ON Semiconductor (ONNN)

ON is a semiconductor manufacturer that specializes in "energy efficient" electronics solutions including those used in Mobile, Automotive, and LED Lighting. This company was brought to my attention when David Einhorn at Greenlight Capital added it in the Third Quarter of this year (via his 13F filing). The company is positioned well to take advantage of multiple industry tailwinds in the Automotive and Mobile segments. Cars are increasingly building in more and more cameras for everything from backup assistance to autopilot. ON Semiconductor is well positioned to take advantage of this market as they just completed the acquisition of Aptina which makes CMOS imaging sensors targeted at the automotive industry. This aligns well with their high end industrial image sensor business.

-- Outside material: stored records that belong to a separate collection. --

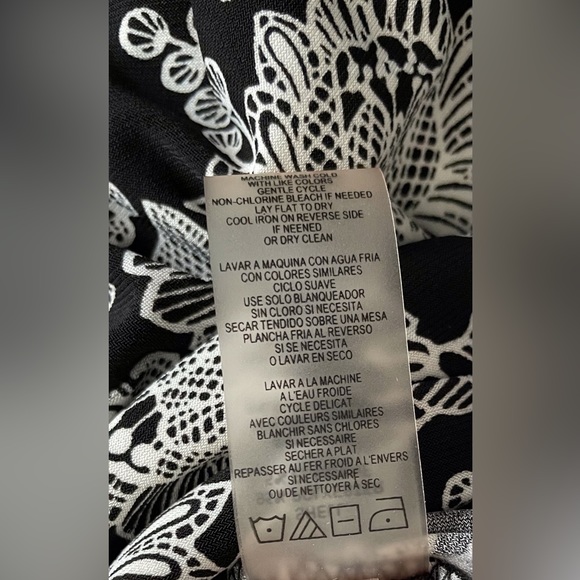 Tommy Hilfiger dress - Picture 6 of 7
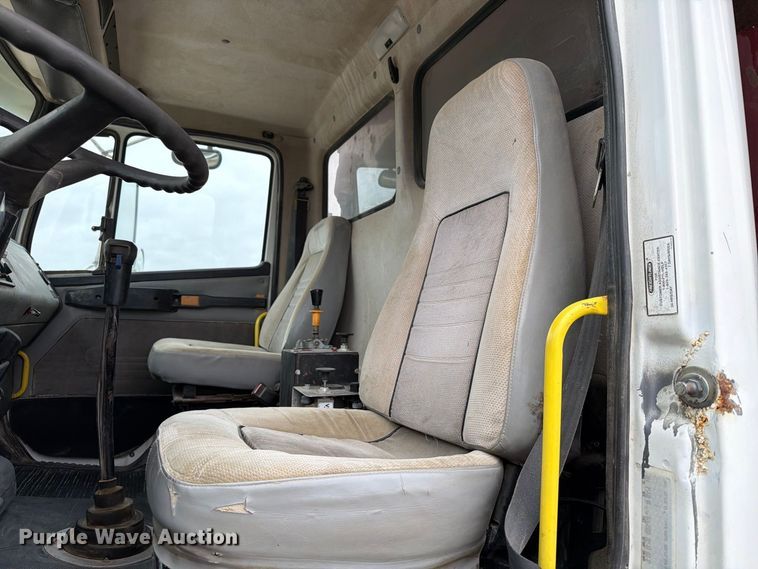 image for item FT6759 2000 Freightliner FL112 dump truck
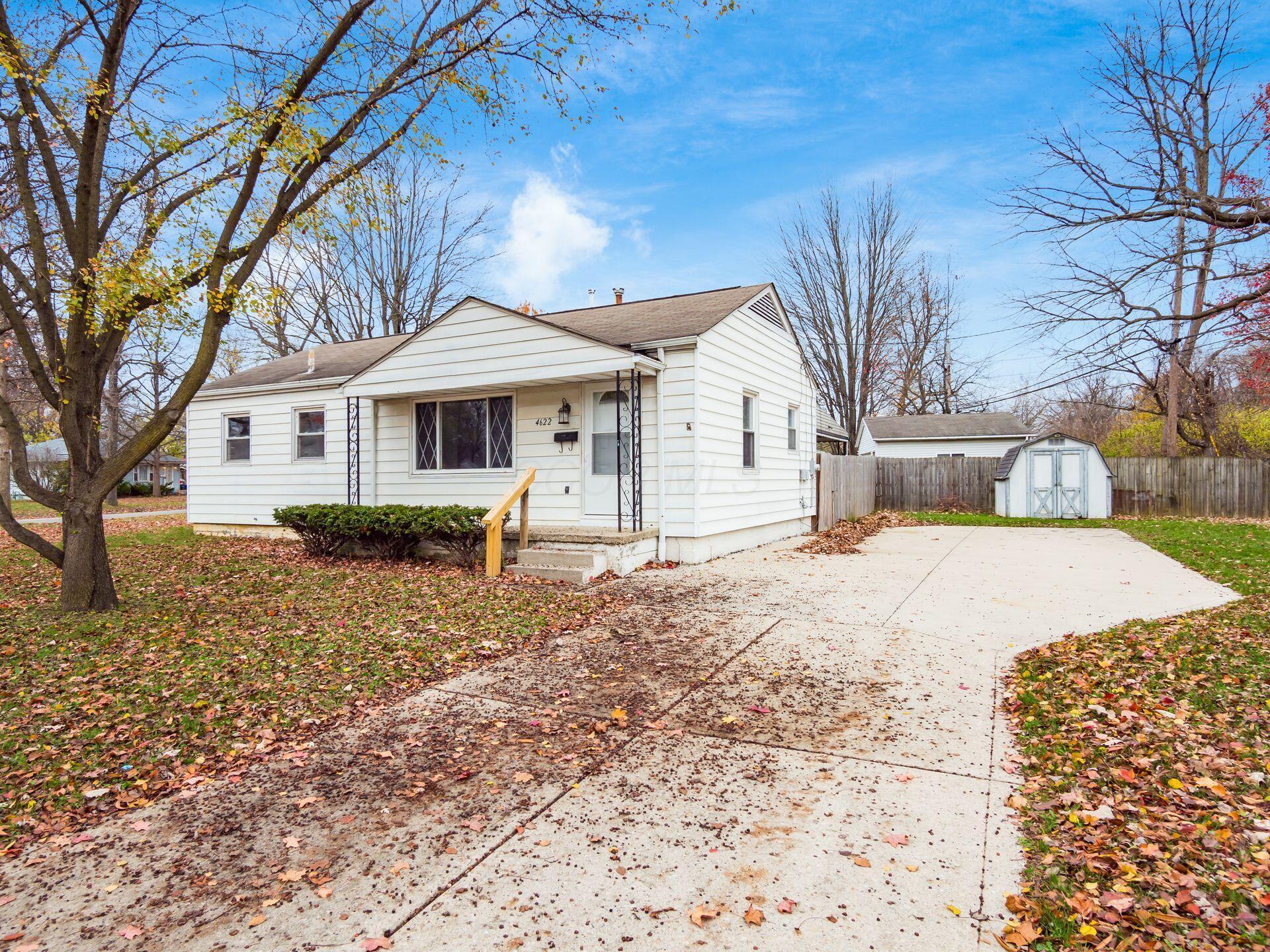 4622 Amesbury Road Property Photo 2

Source: ON Semiconductor Investor Presentation

Revenue growth over the next few years will likely outpace the last few years because of these industry tailwinds. Analysts are currently forecasting 23% revenue growth for 2015, and 23.2% EPS growth over the next 5 years. This is in juxtaposition to lackluster growth over the previous 5 years of -5.9%. This is an emerging growth story that the investor community has yet to recognize, and I believe at roughly a forward P/E of 11, you are buying a stock with likelihood to outperform over the next 2-3 years. The company has recently announced an upsized Buyback program of $1B of which they expect to distribute 80% of free cashflows to investors.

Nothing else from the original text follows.